Direktur Utama PT Aneka Tambang Tbk. (Antam) Nico Kanter menegaskan konsesi tambang nikel yang tidak memiliki perizinan di bidang hutan tahap XI dari otoritas lingkungan hidup bukan berasal dari hasil eksplorasi perseroan.
Nico menerangkan kawasan yang belakangan masuk ke dalam perhatian KLHK itu berada di wilayah Kolaka dan Konawe Utara, Sulawesi Tenggara.
“Ada satu yang saya tahu bahwa itu memang sudah lama sudah waktu kami masuk sudah ada bukaan, bukaan itu mungkin yang tidak didokumentasikan dengan baik,” kata Nico saat ditemui di kompleks parlemen, Jakarta, Kamis (22/6/2023).
KLHK memutuskan ANTM bersama dengan dua perusahaan pelat merah lainnya, Semen Indonesia dan Solusi Bagun Indonesia sebagai perusaaan yang tidak mengantongi izin usaha di bidang kehutanan.
Adapun, daftar tersebut tertuang dalam keputusan Nomor SK.196/MENLHK/SETJEN/KUM.1/3/2023 tentang Data dan Informasi Kegiatan Usaha yang Telah Terbangun di dalam Kawasan Hutan yang Tidak Memiliki Perizinan di Bidang Kehutanan Tahap XI.
Baca Juga
“Kalaupun itu ada beberapa sanksi mungkin administratif sifatnya karena kan bukan bukaan yang dibuka sengaja oleh Antam tapi kita harus pertanggungjawabkan dari pada kita berdalih itu,” kata dia.
Lewat SK KLHK itu, luasan indikatif areal Antam yang tidak mengantongi izin kehutanan itu mencapai 533,5 hektare yang terbagi ke dalam tiga wilayah administratif.
Sumber Bisnis di internal KLHK mengonfirmasi kebenaran surat keputusan tersebut.

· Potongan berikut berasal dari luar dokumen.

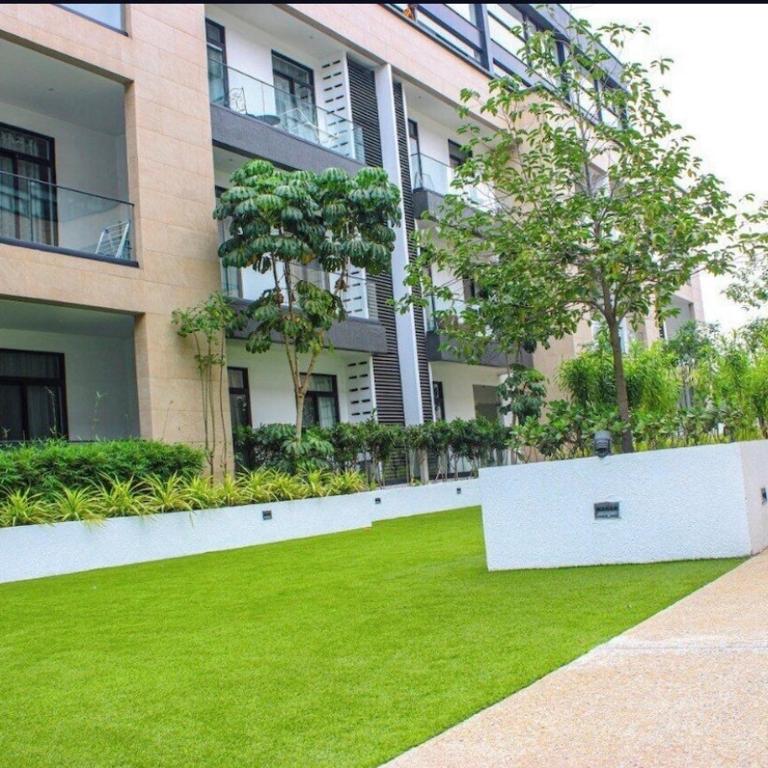 a large building with a lawn in front of it at Embassy Onebedroom by Unique Abodes in Accra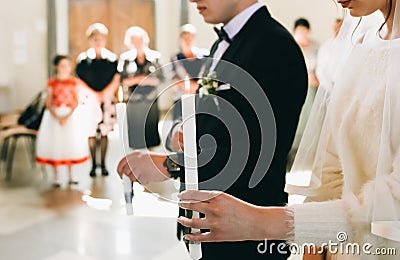 Traditional wedding ceremony at church. Groom and bride are holding candles in their hands. Happy wedding couple on their Editorial Stock Photo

Dia mengatakan surat tersebut tersebut memang tidak diedarkan secara luas ke publik. Namun, dia membenarkan bahwa surat keputusan yang beredar merupakan salinan dari surat keputusan yang asli.
"Dokumen itu aslinya tidak boleh keluar, meskipun pada real-nya keluar. Jadi paling kalau ditanya ada atau tidak, saya jawab ada," ujar sumber tersebut kepada Bisnis, Selasa (20/6/2023).
Pemerhati Lingkungan Hidup Dedi Kurniawan, menegaskan bahwa ketegasan sanksi negara tersebut akan dijadikan momentum oleh para pegiat lingkungan untuk melakukan aksi dan mendukung penyelesaian masalah pengemplang kewajiban ini yang terindikasi ada unsur kesengajaan.
Dedi menambahkan, pemerintah harus bertindak tegas agar kegiatan usaha yang dilakukan tidak menimbulkan kerugian negara dalam pengabaian dan kepatuhan terhadap peraturan.
Dia menilai, bagi perusahaan-perusahaan pelanggar yang telah masuk dalam dalam KLHK sebagaimana dilampirkan dalam SK Menteri LHK No. 196 itu, harus bersiap menerima sanksi sesuai UU Cipta Kerja dan PP nomor 24 Tahun 2021 dan masuk dalam kebijakan ABS atau Automatic Blocking System.
"Indikasi pelanggarannya jelas, antara lain merusak kawasan hutan, adanya kerugian negara dan ketidak patuhan terhadap peraturan yang seakan mengulur-ulur waktu, kami akan segera turun kejalan lagi bersama berbagai elemen masyarakat supaya KLHK dan Kejaksaan Agung serius tangani kasus lingkungan hudup ini," ujar Dedi dalam siaran persnya, Senin (19/6/2023).